So wie auch in dieser einen Nacht, in der er mit seinem Kameraden Günter und Leutnant Fischer, dem damaligen Wachoffizier auf Patrouille ging. Eine Nacht, in der nicht nur seine Bitte nach Aufregung das erste Mal erhört wurden, sondern in der sich auch sein Leben für immer verändern sollte.
*
Es war eine von diesen Patrouille, wie sie der junge Jochen schon unzählige Male erlebt hatte. Ein Kontrollgang, auf dem man sich entweder und das bei Wind und Wetter, im umliegenden Wald herum trieb, um in ihm nach verdächtigen Personen Ausschau zu halten oder auf dem man stundenlang den Postengang entlang lief, um die Grenzanlagen des zu bewachenden Abschnittes nach verräterischen Spuren eines Grenzverletzers zu untersuchen.

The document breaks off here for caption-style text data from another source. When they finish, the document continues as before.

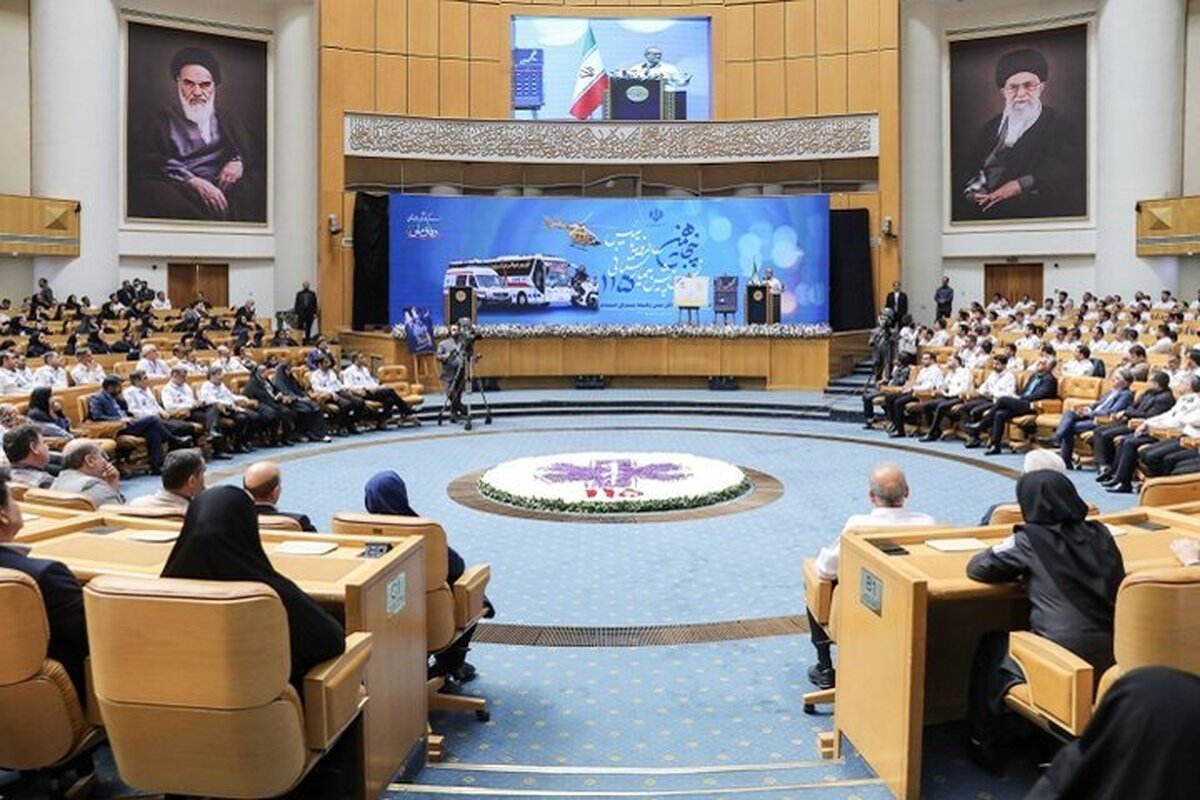 پزشکیان: وظیفه داریم سلامت جسمی و روانی هر ایرانی را تضمین کنیم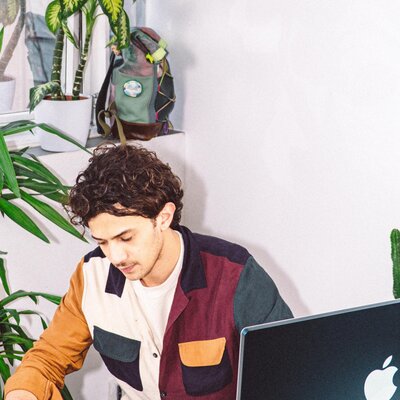 Andrea — Founder & Business Development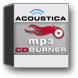 Acoustica MP3 CD Burner Software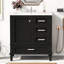 Meuble-lavabo 30 po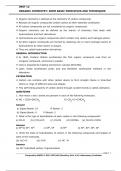 Class notes chemistry  Chemistry Simplified NCERT Class 11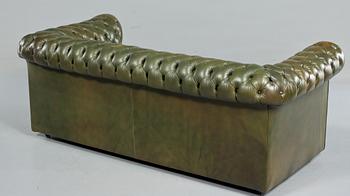 SOFFA, chesterfieldmodell, 1900-talets andra hälft.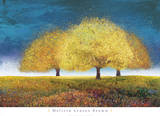 Dreaming Trio Prints by Melissa Graves-Brown
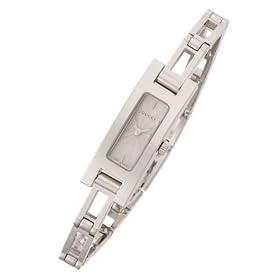 GUCCI (�O�b�`) �r���v 3905L YA039533 �V���o�[ ���f�B�[�X [���s�A���i]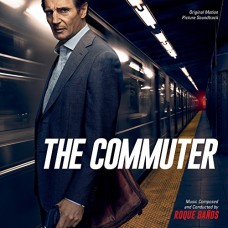 B.S.O. (BANDA SONORA ORIGINAL)-THE COMMUTER (CD)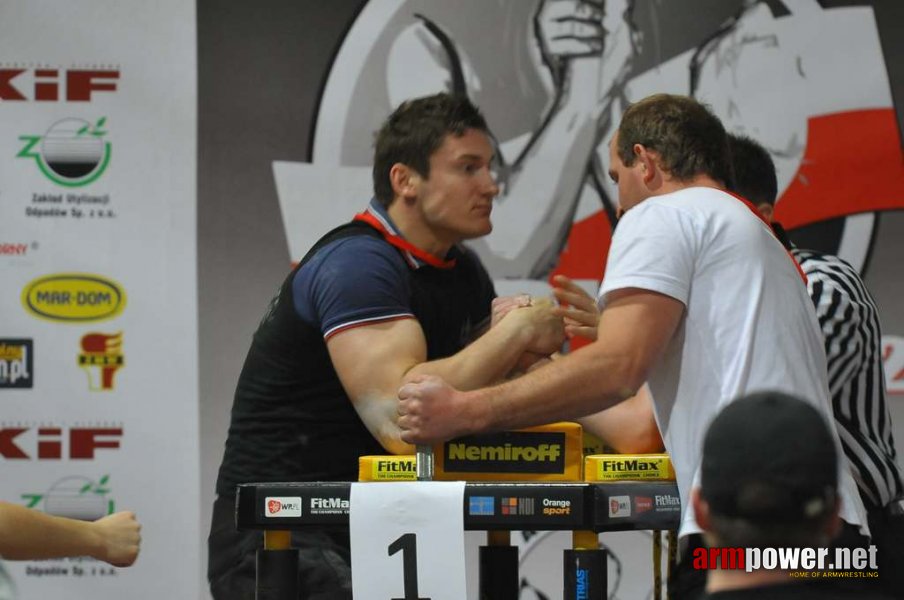 Debiuty 2012 - Stare Miasto # Siłowanie na ręce # Armwrestling # Armpower.net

Nichts also, das man als besonders aufregend bezeichnen konnte. Zumindest nicht, bis zu dieser einen Nacht. Als sich Jochen, Günter und Leutnant Fischer beinahe lautlos und auf jede Bewegung und auf jedes Geräusch achtend durch das dichte Unterholz des Waldes bewegten. Als Fischer plötzlich das Zeichen zur Achtung gab und alle drei Männer in die Hocke gingen, ihr AK47 Sturmgewehre durchzogen und mit den Augen angestrengt ihre Umgebung nach einer oder mehreren verdächtigen Personen absuchten.
War das vielleicht der Augenblick, auf den Jochen so lange gewartet hatte? Würde er jetzt endlich etwas Aufregendes erleben? Eine Frage, auf die der junge Soldat nur kurze Zeit später eine Antwort erhalten sollte. Denn kaum, dass der Wachoffizier das leise Knacken im Wald vernommen, kaum, dass er das Kommando zur erhöhten Wachsamkeit gegeben hatte, als die drei Grenzer auch schon den Verursacher dieses Geräusches entdeckten.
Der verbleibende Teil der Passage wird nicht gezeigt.